March 16, 2017: Cumulative Update 4 Extended Maintenance

This maintenance window had been scheduled for 5:00 AM to 7:30 AM on Friday, March 17th. Due to an unexpected issue during installation, the window was extended to approximately 9:30 AM. Additional details are available below.

Updated patch set (Q2 2016 CU4)

Upgrading patch set to Q2 2016 Service Pack with Cumulative Update 4.

  • Numerous quality improvements and bug fixes
  • Security updates

Database firewall update

Updated database firewall to enable the creation of an additional standby database. Our current standby database is falling out of warranty, and may need to be replaced.

Incident analysis

During the upgrade process, Blackboard's installer makes several database changes.

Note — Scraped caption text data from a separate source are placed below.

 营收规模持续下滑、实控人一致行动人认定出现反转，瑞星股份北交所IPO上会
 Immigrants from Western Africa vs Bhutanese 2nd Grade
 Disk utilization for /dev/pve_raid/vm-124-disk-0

Due to an oversight in our maintenance checklist, an open connection from bbprd3 retained a lock on one of the database objects that was scheduled to be modified (bblearn.is_commit_disabled). The installer running on bbprd1 was unable to acquire a lock on that object, and timed out with an ORA-04021 error at 5:42 AM.

Technical staff made several attempts to safely clear the lock and re-run the installer, including a database restart, but the installer was still encountering an ORA-04021 timeout error. Given that the restart should have cleared all sessions, it is possible that a race condition within the upgrade installer was causing subsequent timeouts.

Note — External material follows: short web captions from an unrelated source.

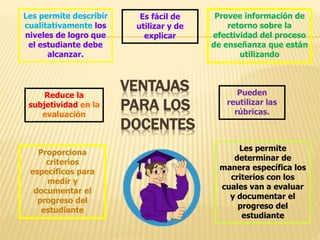 VENTAJAS
PARA LOS
DOCENTES
Proporciona
criterios
específicos para
medir y
documentar el
progreso del
estudiante
Es fácil de
utilizar y de
explicar
Les permite
determinar de
manera específica los
criterios con los
cuales van a evaluar
y documentar el
progreso del
estudiante
Les permite describir
cualitativamente los
niveles de logro que
el estudiante debe
alcanzar.
Pueden
reutilizar las
rúbricas.
Reduce la
subjetividad en la
evaluación
Provee información de
retorno sobre la
efectividad del proceso
de enseñanza que están
utilizando
 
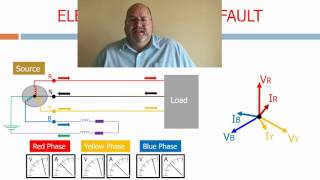 Electrical ground fault [upl. by Ginelle]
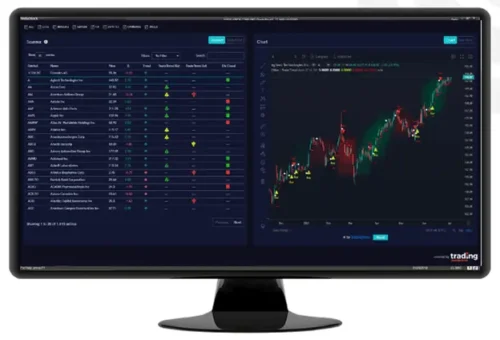Zillion Trading Dashboard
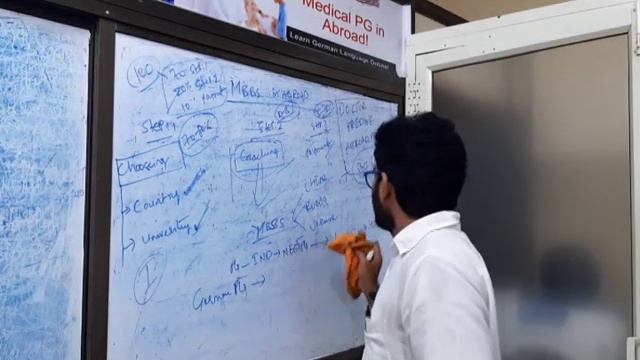 MOST IMPORTENT STEPS FOR ABROAD MBBS + PG смотреть онлайн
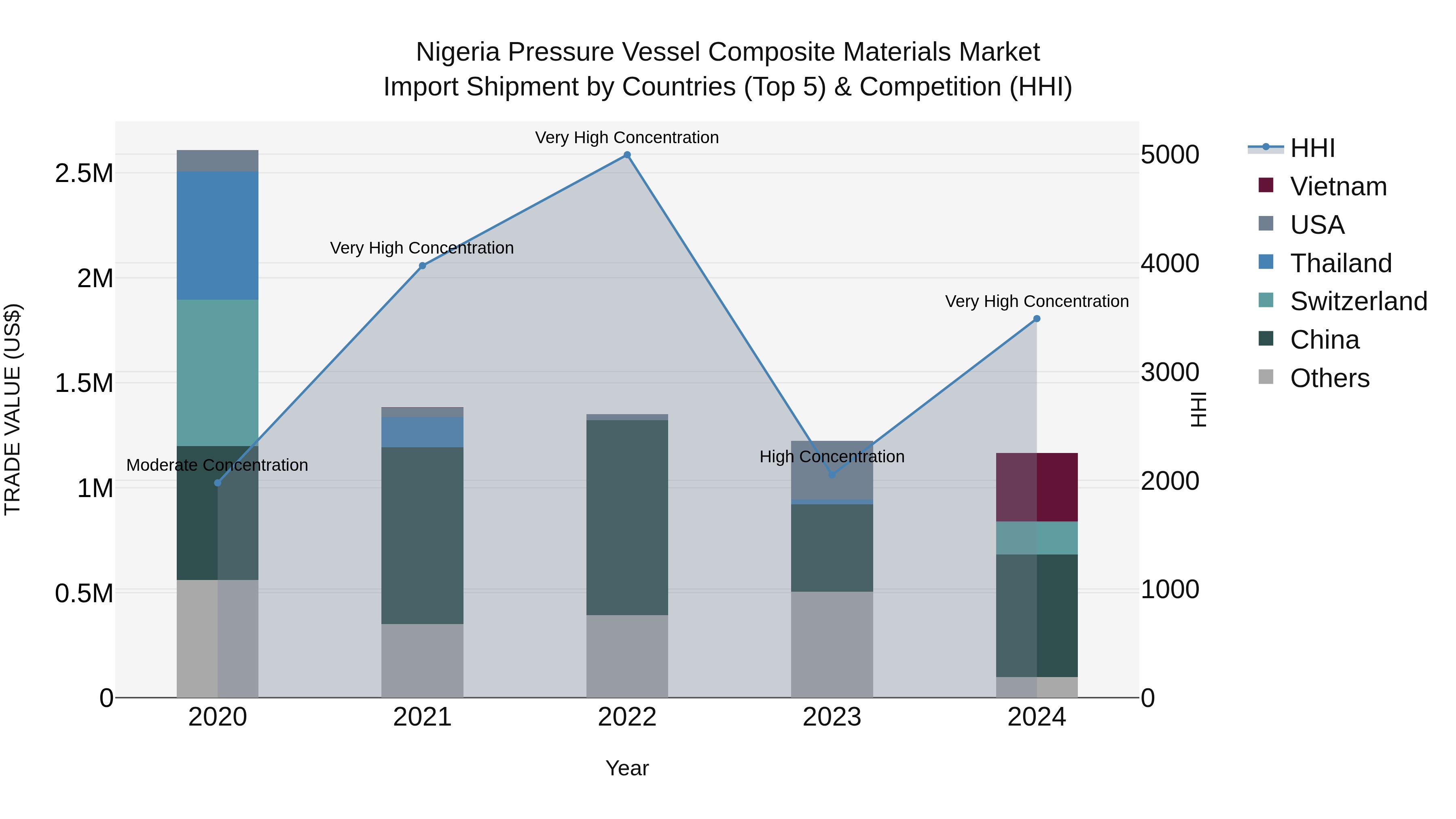 Nigeria Pressure Vessel Composite Materials Market Top 5 Importing Countries and Market Competition (HHI) Analysis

Once it was clear that maintenance would run past the scheduled 7:30 AM end time, technical staff decided to check into options for a rollback. Since the upgrade installer had run but had not completed, Blackboard application servers were left in an uncertain state; emergency contact with vendor support determined that the safest options to restore service would be (a) a complete restore from system backup, or (b) finding a way to complete the installation.

Technical staff decided to make one more attempt at running the installer, with the restore option available as a failsafe.

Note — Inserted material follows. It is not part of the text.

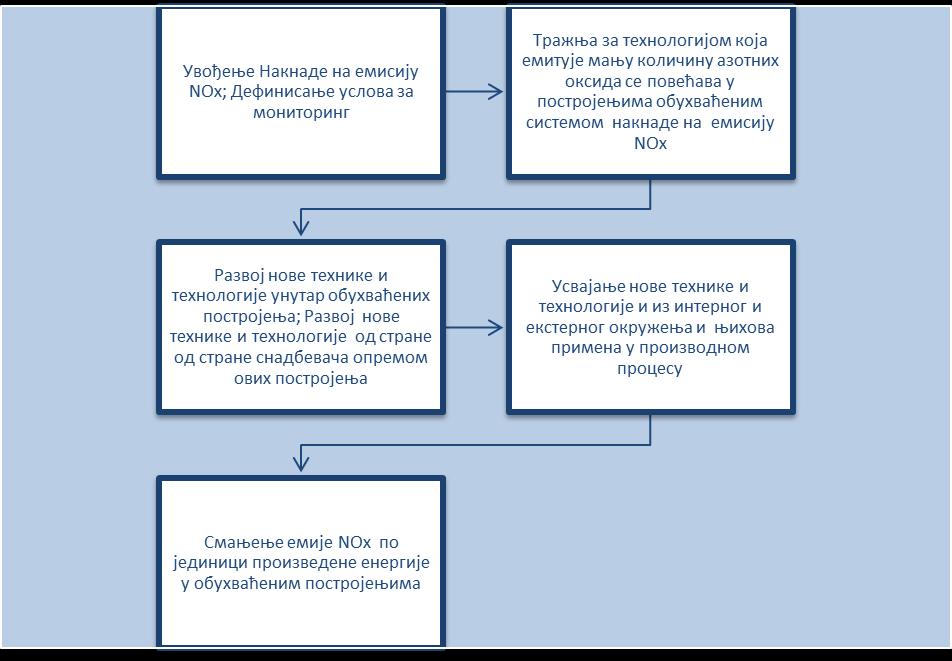 NOx код погона обухваћених овом накнадом. Најприметније осцилације видљиве су у периоду од 2008-2010. године. До раста ових прихода у 2008.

At 8:05 AM, technical staff were able to clear the database lock by forcibly bouncing the session which held it. This allowed the remainder of the upgrade to proceed as planned, and Blackboard returned to normal operation at 9:11 AM.

Future action steps

In the future, DLT will hold a peer review of maintenance checklists prior to any major upgrade installation.

DLT will confirm updated steps for a system restore with new Blackboard releases.

DLT will confirm updated escalation process for emergency vendor contact.